COUP DE FOUDRE À MOSCOW BELGIUM
C’est un film nature, depuis l’intention, le scénario, le montage, le jeu des acteurs et la musique (de l’accordéon brut, en prise directe). C’est la principale qualité de cette réalisation et ce n’est pas si mince que cela. Il en ressort une fraîcheur pas si courante qui lui a assuré une réception très positive, par exemple à la Semaine de la critique de Cannes 2008. La simplicité peut créer la surprise.
Le format pourrait se définir comme du Ken Loach basique à la flamande. L’histoire est élémentaire, dans le sens qu’elle présente une question de survie, au quotidien: une femme larguée avec ses enfants, en pleine crise, en pleine friction avec tout ce qui l’entoure, y compris avec son image de femme. Par accident, un prétendant inattendu déboule dans ce jeu de nerfs en pelote, perturbateur, ne correspondant pas aux attentes et dont le choix pourrait être perçu comme « déclassant » : passer d’un jeune professeur de dessin, petite intelligentsia valorisante à un camionneur, le saut est important. L’action se passe dans une petite ville, en banlieue, dans des endroits très ordinaires, immeuble quelconque, grand magasin, parking, ring urbain, bistrot. Les personnages sont, eux aussi, banals. Le casting ne tend pas vers cette déformation : des acteurs et actrices qui imitent les petites gens dans des versions plus « canon » (la ménagère campée par une diva). Mais quand Matty sort de ses gonds, elle libère une verve acerbe impressionnante. Le savoir-faire du trop plein. C’est en vrac, noué, à l’emporte-pièce, mais la souffrance l’inspire, les formules sont chocs et si elle est en pleine panade, sans vraiment comprendre ce qui lui arrive, elle se révèle habitée par un certain savoir. Du moins, elle n’est pas sans parole.
C’est à partir de la situation de Matty que ce film sans esbroufe prend toute sa dimension politique et, progressivement, toute sa force. De manière presque didactique, là où la fiction sert à mieux comprendre le réel, la réalisation se concentre sur le devenir féminin. Matty, presque quarante ans, éducation traditionnelle, rêve populaire, dépend des hommes : depuis le désir de l’autre, l’image désirable de soi, jusqu’aux occupations, les loisirs, les enfants. Là, l’homme de sa vie se barre pour une plus jeune et le nouveau courtisan n’est pas toujours très net. Toutes les certitudes s’écaillent. Mais, alors que les hommes évoluent avec une grande liberté, l’un vers sa jeunette et ne parvenant pas à se prononcer définitivement pour le divorce, et l’autre dans son camion aux marges de la vie responsable, Matty assure toute l’économie de la vie: prise en charge des enfants, les petits et l’adolescente lesbienne, les lessives, les repas… Et elle attend le bon vouloir des mâles, disposant de peu de temps vraiment pour elle, stressée et s’aigrissant. Sans tralala ni trémolos cinématographiques, sans recherche de grandiose, Coup de foudre à Moscow-Belgium suit un processus d’affranchissement, de libération d’une femme. Avec anxiété, déchirements, valse hésitation, mais avançant becs et ongles vers le bonheur au prix de sérieuses remises en cause.
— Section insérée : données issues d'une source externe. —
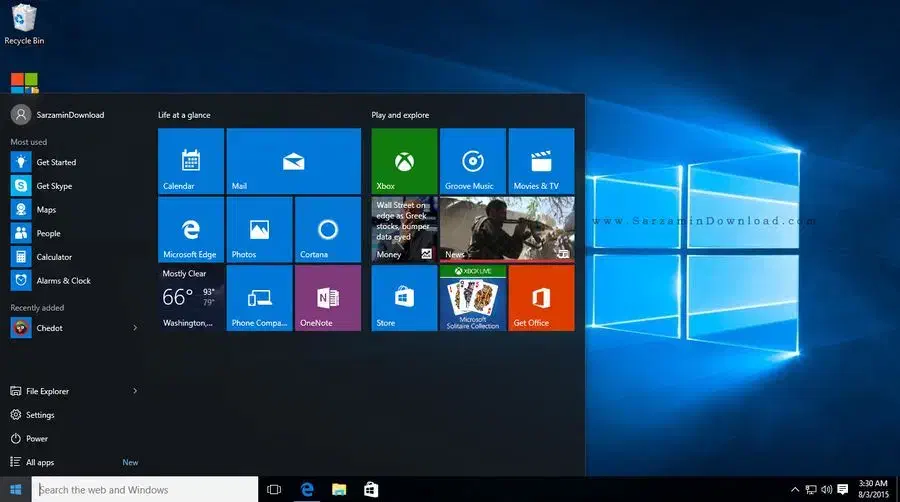 نصب ویندوز و عیب یابی در محل|خدمات رایانه‌ای و موبایل|لواسان, |دیوار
Tout ça ancré dans le folklore flamand, cortège et fanfare, bistrot et billard, bière et karaoké, boudin noir et waterzooi. Il y a un côté « vrai », « authentique » qui prend et, pour une fois, je partage l’avis promotionnel : « Belle et pourtant si commune, Barbara Sarafian crève l’écran ». Un sacré numéro. Ce n’est pas du grand cinéma d’auteur, mais sa simplicité n’a rien à voir avec les archétypes insipides des séries télé. Sentir la différence vaut la peine. Il y a quelque chose d’autre en jeu, une profondeur, comme le respect de l’imprévisibilité humaine : on sait que tout est écrit, évidemment, scénarisé, on sent globalement vers quoi ça va, mais Matty surprend et réserve pas mal de surprises ! Ses hommes n’ont pas fini de déguster (dans tous les sens du terme).